Naima Green-Riley North America 2020

Naima Green-Riley is a Ph.D. Candidate and Raymond Vernon Fellow in the Department of Government at Harvard University and a Nonresident Fellow with the Atlantic Council’s Digital Forensic Research Lab. Following her doctoral defense, she will be joining the faculties of the Department of Politics and the School of Public and International Affairs at Princeton University. Naima specializes in Chinese foreign policy with a focus on public diplomacy and the global information space.

Naima’s academic work intersects with her contributions to global development and diplomacy. She was featured on New America’s 2020 list of Black American National Security & Foreign Policy Next Generation Leaders. She is a member of the Board of Directors of Oxfam America. Before pursuing her Ph.D., Naima was a Pickering Fellow and a Foreign Service Officer at the U.S. Department of State. She was the Public Affairs Officer at the U.S. Consulate General in Alexandria, Egypt during the Arab Spring. She also served as a Consular Officer at the U.S. Consulate General in Guangzhou, China.

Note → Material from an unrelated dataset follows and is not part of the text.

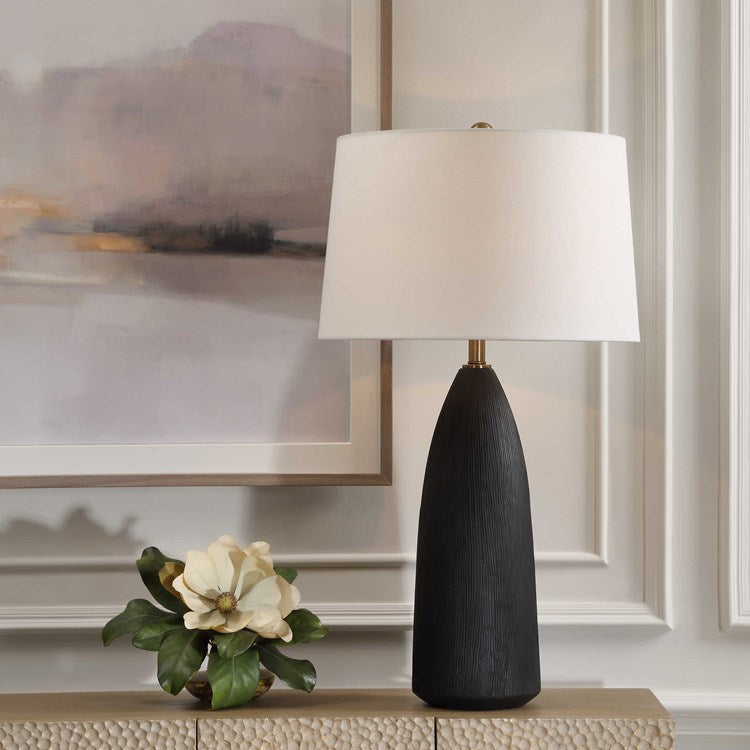 Uttermost Jett Matte Black Ceramic Table Lamp With White Linen Shade - Image 3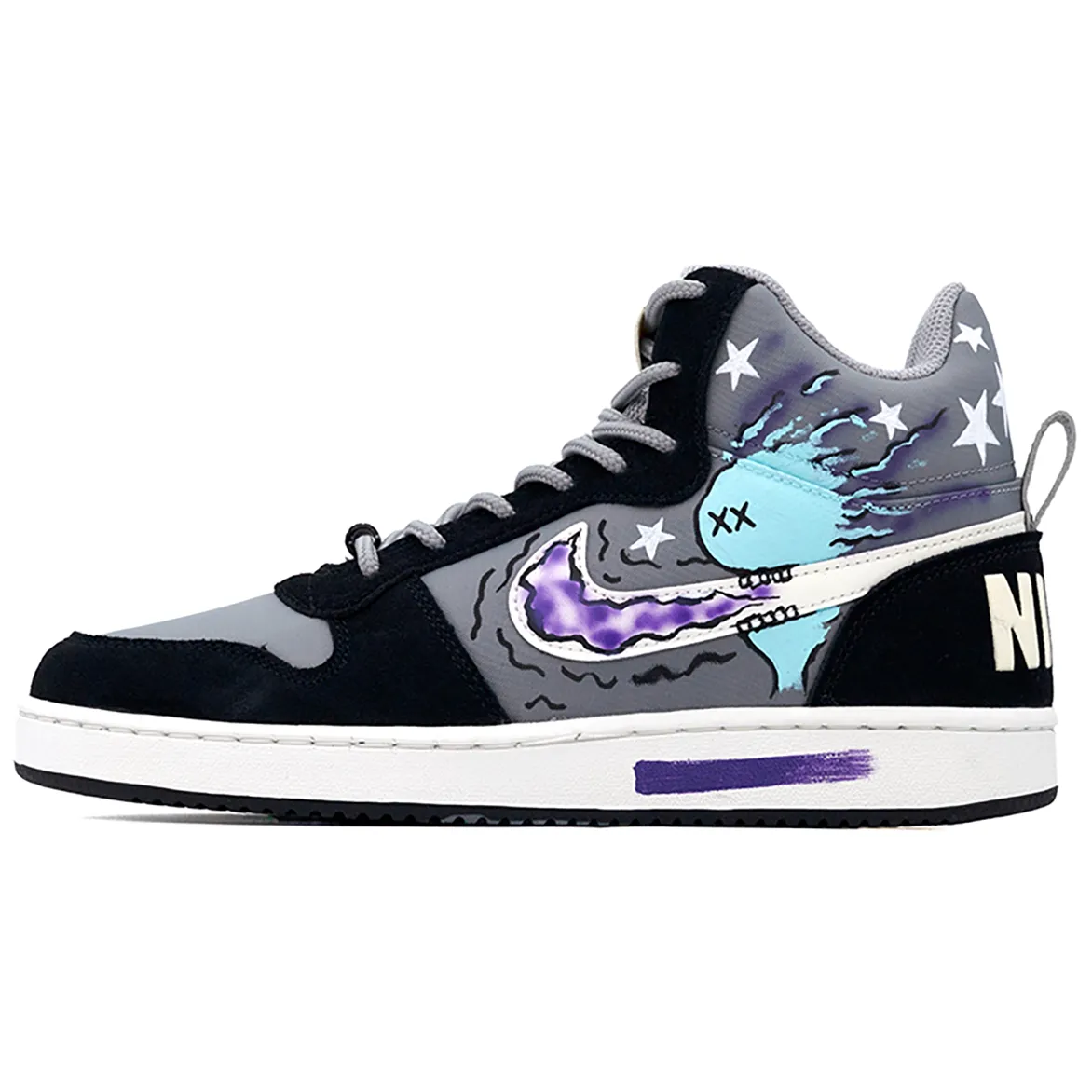 Nike Court Borough Mid top Skateboard Shoes Men's Black White Gray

Naima’s writing has been published in the Journal of Experimental Political Science (JEPS) and in the 2021 book, The China Questions II (Harvard University Press). Her writing has also appeared in various public-facing outlets, including The Monkey Cage blog at the Washington Post, the Emerging Voices on the New Normal in Asia Series of the National Bureau of Asian Research, The Diplomat, and The Root.

Naima received a Bachelor’s degree in International Relations with honors from Stanford University. She was a Belfer Center International and Global Affairs fellow at the Harvard Kennedy School, where she graduated with a Master’s degree in Public Policy. She is proficient in Mandarin Chinese, and she also has an intermediate-level knowledge of Arabic.